After a heavy fire broke out on September 19, 2020, and damage a major part of the edifice[13] it has been under refurbishment in 2021. Its architectural style reflects the architectural characteristic of the 1910s, as far as early Modern architecture is concerned, as one can observe in some buildings of the city downtown (Otto Riedl Tenement in Bydgoszcz).
1924[7]
Early Modern architecture
This large edifice was the property of Franz Muhme, a mason, living at nearby 5 Zeppelin Straße, present day Nr.14.
The house was left in a derelict at the beginning of the 2010s. After a thorough renovation, it now houses a hotel, Hotel Chopin.
1930s[7]
Early Modern architecture
This large edifice was owned by Franz Muhme, a mason, also landlord at 3 Zeppelin Straße (today's Villa at 10).In the 1930s, the landlord was a painter, Leon Drapiewski,[14] whose family kept the ownership till the Second World War.

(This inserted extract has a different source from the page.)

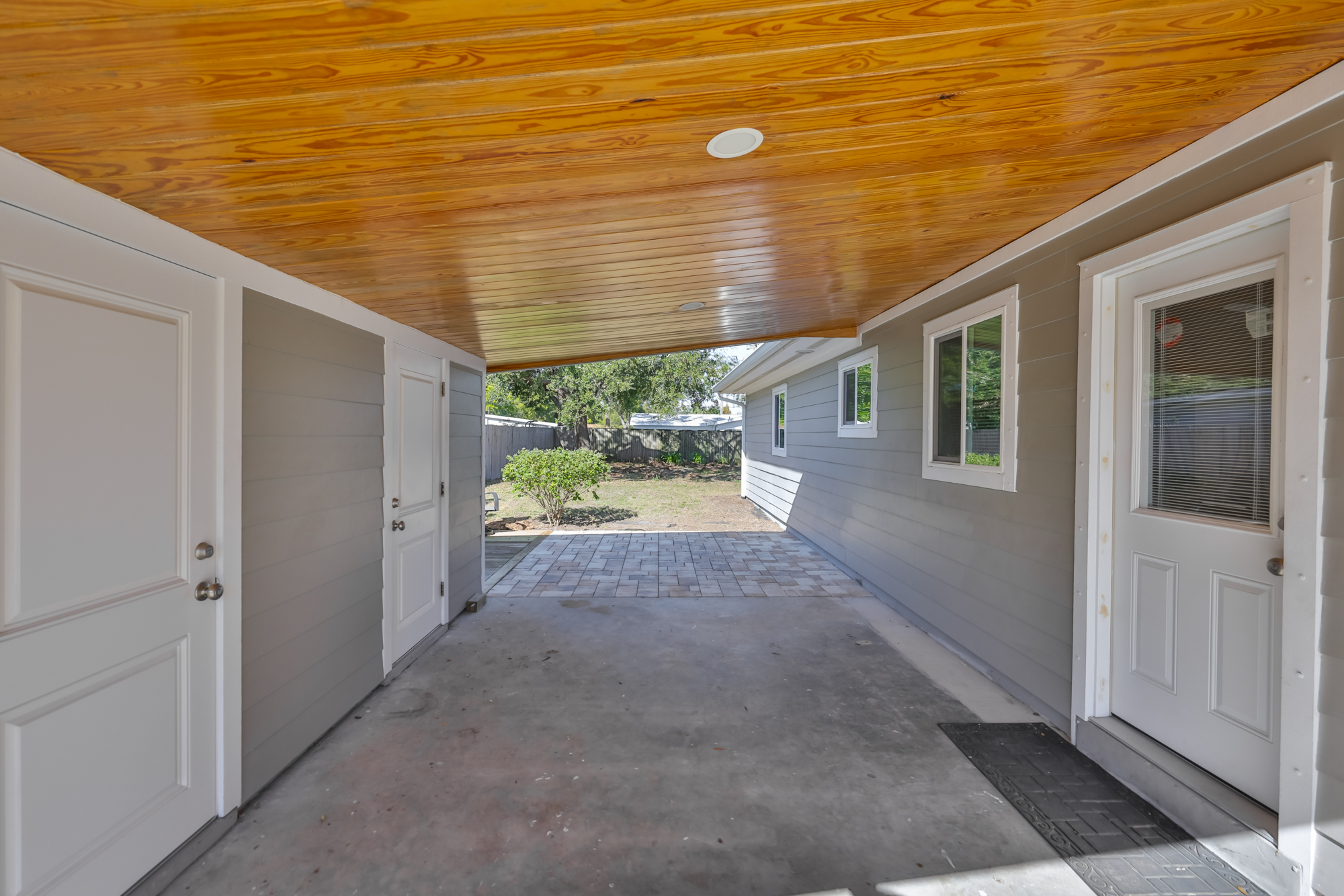 Tampa, Florida, 33616, United States, 3 Bedrooms Bedrooms, ,2 BathroomsBathrooms,Residential,For Sale,2009255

The villa offers a bright mix of modernist frontages with wooden eaves.
1930s[7]
This house was commissioned by Feliks Boroch, a bricklayer living at 10 Sieroca, in Szwederowo district.[15]

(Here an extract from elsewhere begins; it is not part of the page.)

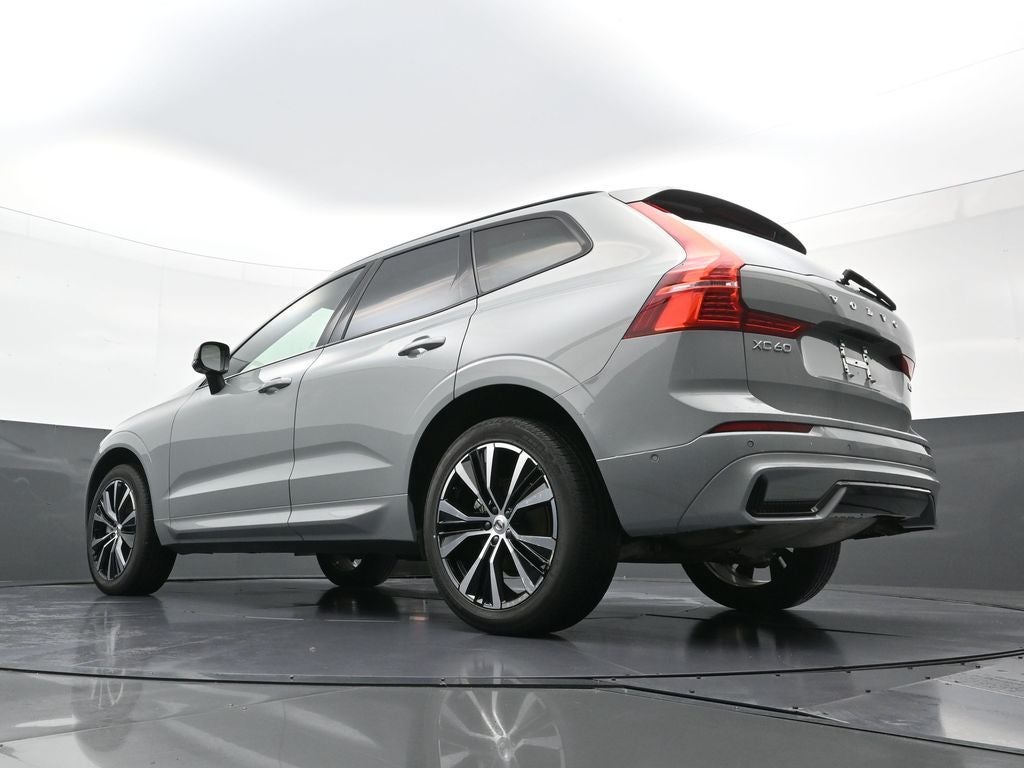 2025 Volvo XC60 Plus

The villa is characteristic of the 1930s modernist houses that mushroomed in this period in Bydgoszcz. Many of them can be found in the nearby area of Sielanka, on Ossoliński Alley or on Józef Weyssenhoff Square.
1930s[7]
Early Modern architecture
One of the original houses built in the street, it had been the property and abode of Bruno Sommerfeld (1878-1950).[3] He was a piano maker who, from 1921 to 1945, ran a factory (at Pomorska Street, moved in 1925 to Gdańska Street) and warehouses for pianos in Bydgoszcz (at Śniadeckich Street, Jagiellońska street). The company was the largest factory of pianos and grand pianos in Polish interwar period, having around 200 employees. In 1938, it had branches in Grudziądz, Gdańsk, Katowice, Łódź, Poznań and Warsaw.[16] In the first years of production, the firm was named Bracia Sommerfeld (Sommerfeld Brothers), owned together with Ernest, who later was the manager of the branch in Poznań.[17]
On December 4, 1926, Bruno married Julianna née Hazemann (born 1899), who originated from Hochwald in then Prussian-occupied Alsace. They had three children, Józef (1927), Anna Maria (1929) and Bruno Herbert Karl (1931).Initially living in this villa, the family afterwards moved in turn to Jagiellońska street and Gdańska Street.[18] Very few is known about Sommerfeld's fate after 1945: it is supposed that they fled Bydgoszcz before the end of the war and that Bruno died in the 1950s in Berlin.[18]
1930s[4]
These villas have been built in the late 1930s, in the wake of similar construction that occurred in the nearby area of Sielanka. They recall realizations of local architects of this period, such as Bolesław Polakiewicz or Edward Stecewicz.